Causal structure and representation learning is a research field at the intersection of statistical causal discovery and nonlinear latent variable modeling, seeking to extract high-level, interpretable features from raw data that support meaningful reasoning about causal relationships. Unlike classical representation learning, whose goal is typically to find lower-dimensional or invariant descriptors supporting predictive tasks, causal representation learning (CRL) asks not only for latent features but also for an explicit model of their mutual cause-effect interactions. This union is strongly ill-posed—provable identifiability typically requires additional constraints, supervision, or special statistical structures. Recent developments have addressed practical identifiability conditions in a wide variety of domains, including self-supervised grouping, weak and interventional supervision, diffusion models, and non-i.i.d. multi-environment data, among others.

1. Identifiability Challenges in Causal Representation Learning

The principal obstacle in CRL is identifiability: for observed data $x$ generated via a nonlinear transformation $f$ from unobserved causal latents $s$ , and a causal graph among the $s$ , one rarely has the statistical power to identify both $f$ and the graph from $p(x)$ alone (Morioka et al., 2023). In classical ICA and nonlinear ICA, identifiability is possible only under strong mixing or non-stationarity assumptions. Causal discovery, even given the latents, often suffers from equivalence classes if only observational data are available. In CRL, both problems compound, requiring designed regularization, grouping, or supervision to isolate a unique solution.

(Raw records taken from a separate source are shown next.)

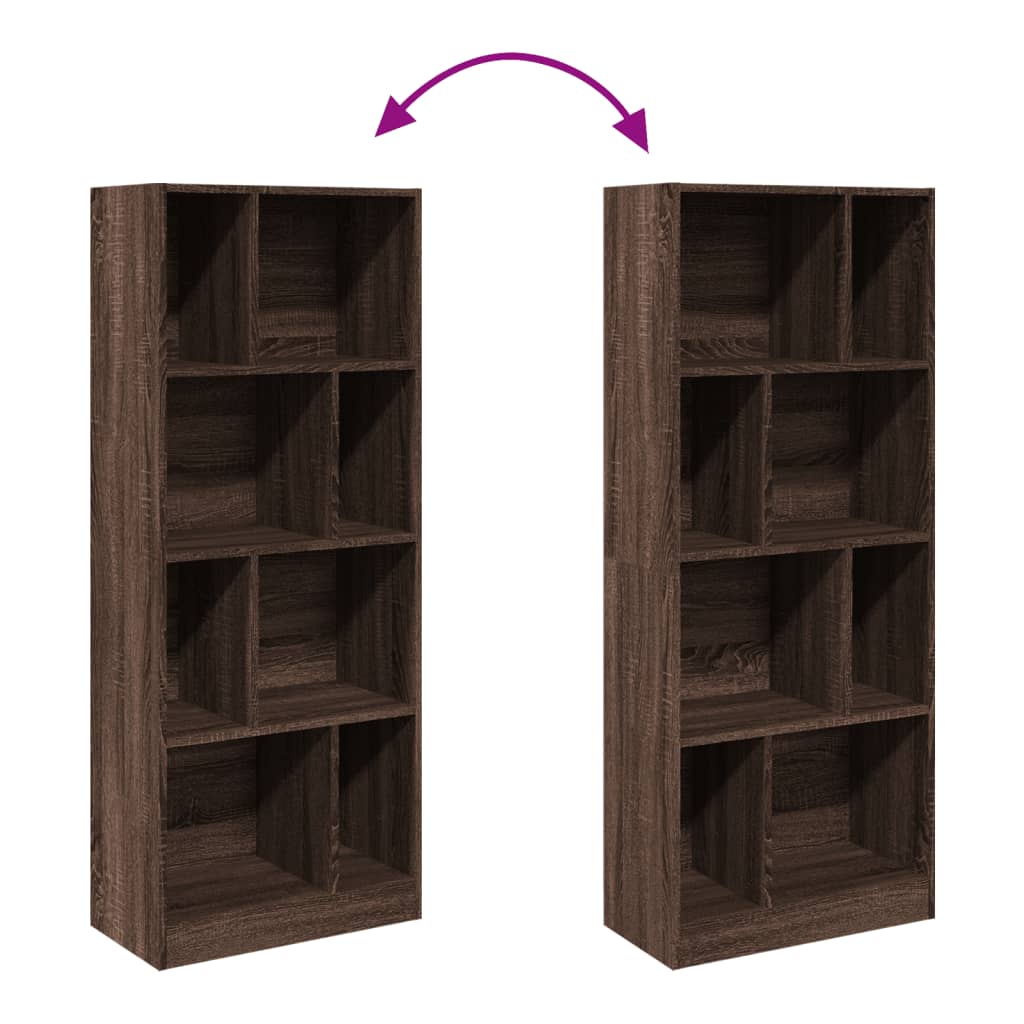 Bookshelf Brown Oak Look 57x28.5x141 cm Wood Material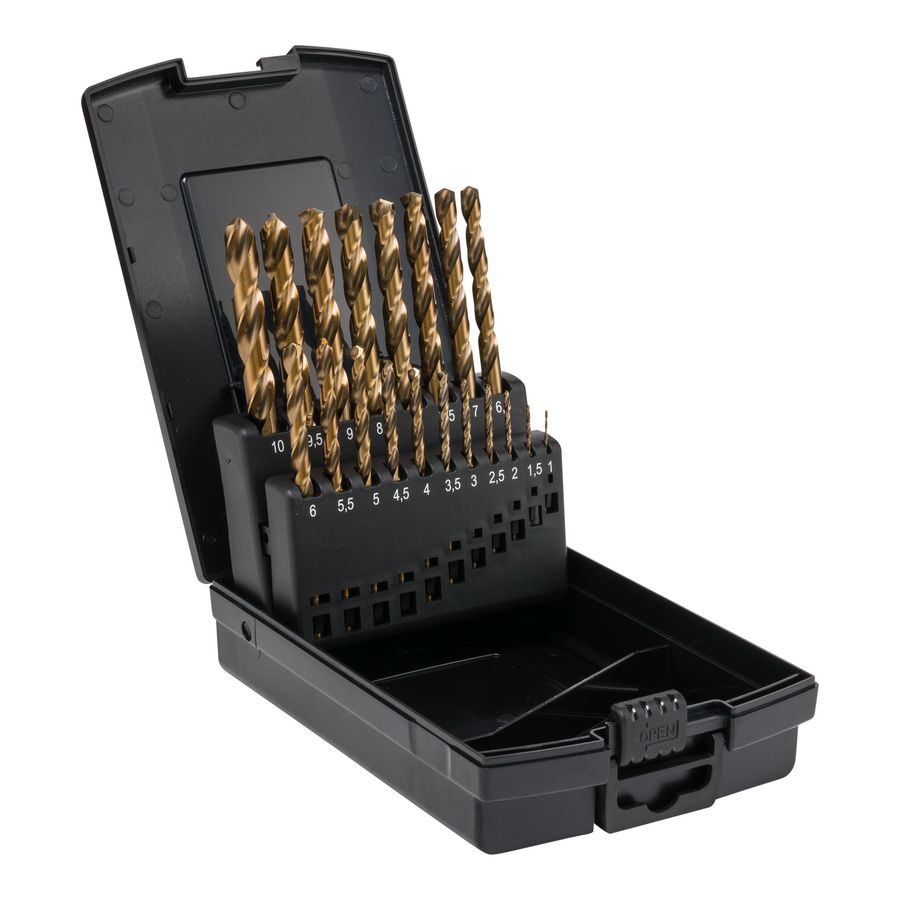 Metaalboorcassette met metaalboren DIN1869 5%cobalt  19-delig 1 t/m 10mm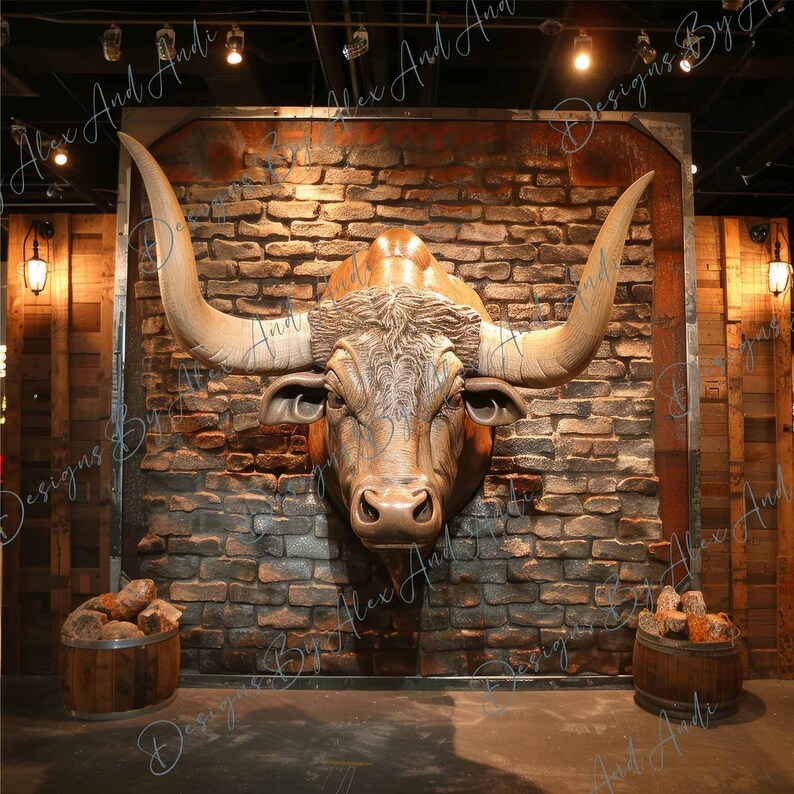 Overlay Bull Bull Rodeo Digital Overlay Backdrop Background Party Wedding Sweet 16 ...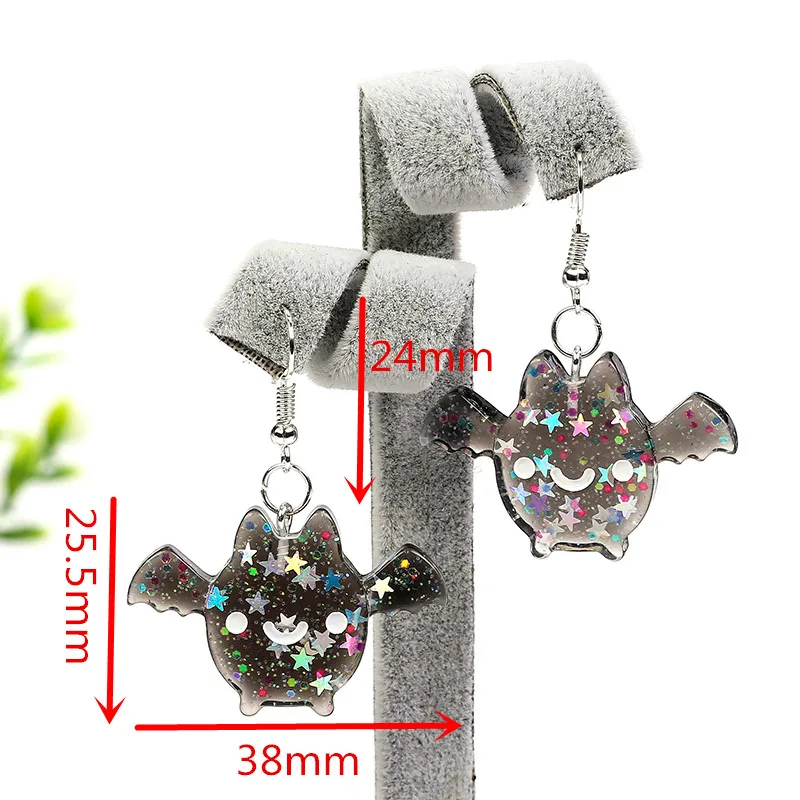 Glitter Skull, Totoro And Flower Drop Earring Glitter Skull, Totoro And Flower Drop Earring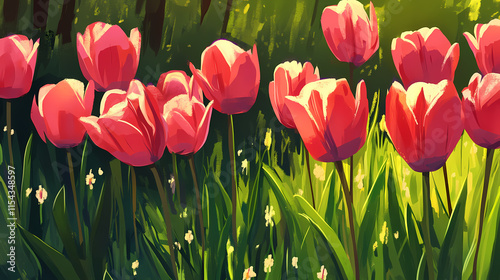 Radiant tulips bloom amidst a verdant meadow, their saturated colors gleaming under the warm light of a sunny afternoon. verdant. illustration. verdant. illustration. Verdantine. Illustration
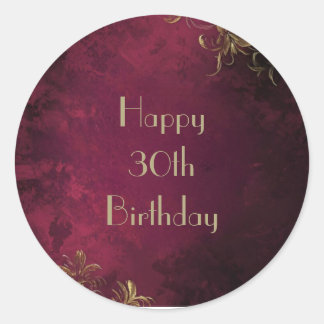 Elegant Burgundy & Faux Gold Sticker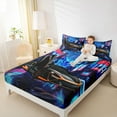 thumbnail image 4 of jejeloiu Extreme Speed Game Queen Sheet Sets,Racing Car Gaming Flat Sheet,Black Blue Queen Fitted Sheet For Teens,Super Cozy Room Decor,4-Piece, 4 of 7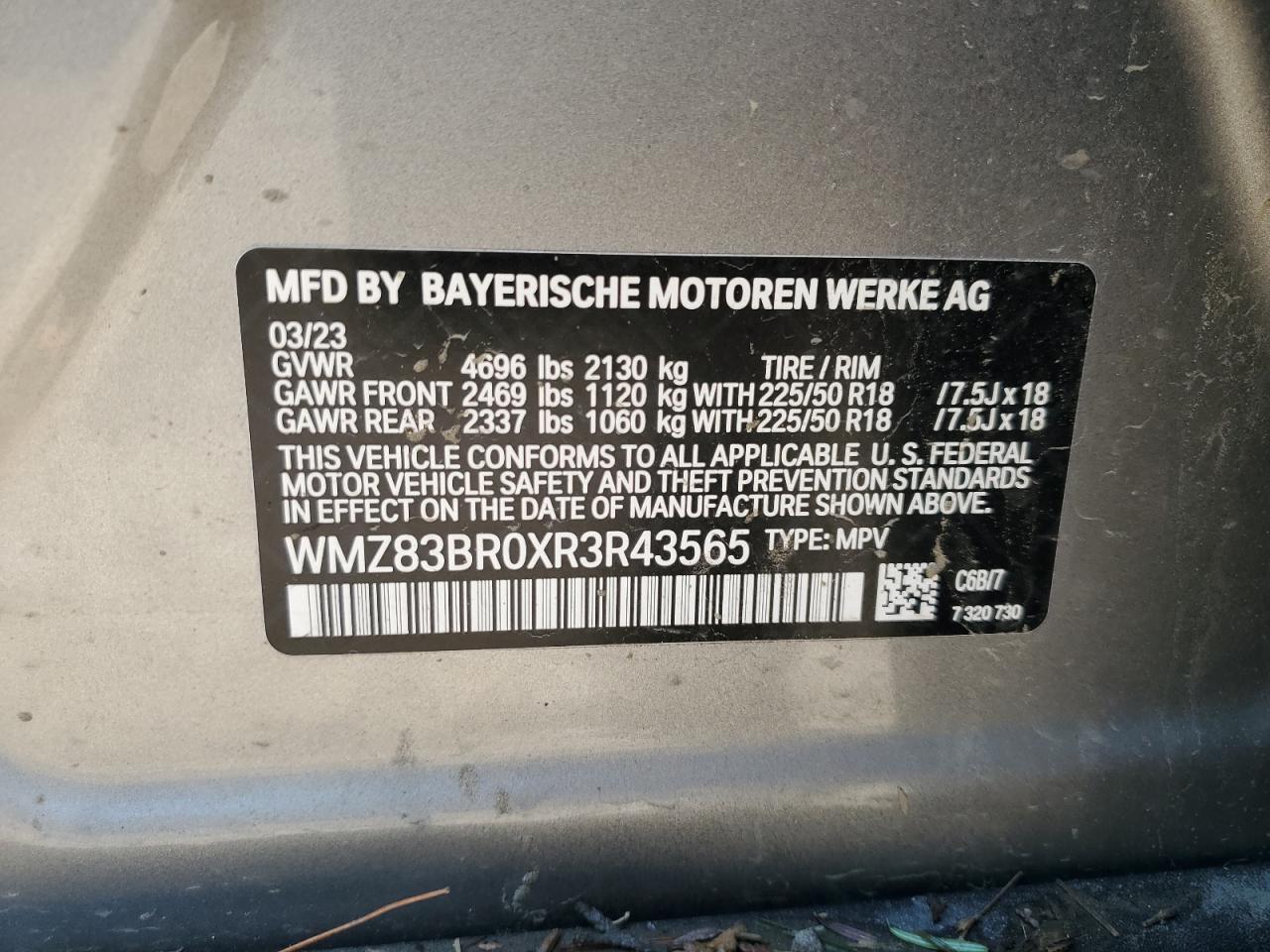 2024 MINI COOPER S COUNTRYMAN ALL4 VIN:WMZ83BR0XR3R43565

Advances characterize conditions under which identifiability can be guaranteed:

Grouping of Observational Variables: By assuming the observed variables can be partitioned into groups, each depending on disjoint subsets of the latent causal vector, the mapping $f$ is block-diagonal; non-Gaussian pairwise potentials (excluding the linear-Gaussian case) and block-wise “connectivity” between latent groups permit identifiability of the demixing transforms up to permutations and invertible scalar transformations (Morioka et al., 2023).
Interventional Supervision: Paired samples $(x, x')$ before and after random, unknown atomic interventions suffice to render both the latent structural causal model (SCM) and the observational mapping identifiable up to rescaling and permutation, assuming each intervention is possible (Brehmer et al., 2022).
Weak or Imperfect Interventions: Soft interventions or support-independence constraints still yield identifiability, often to block-sparse or block-affine indeterminacy (Ahuja et al., 2022).
Multi-environment Exchangeability: When data are collected under non-i.i.d., exchangeable mechanisms, mechanism variability or source variability in different environments can break symmetry, yielding unique recovery of mixing functions and causal graphs (Reizinger et al., 20 Jun 2024).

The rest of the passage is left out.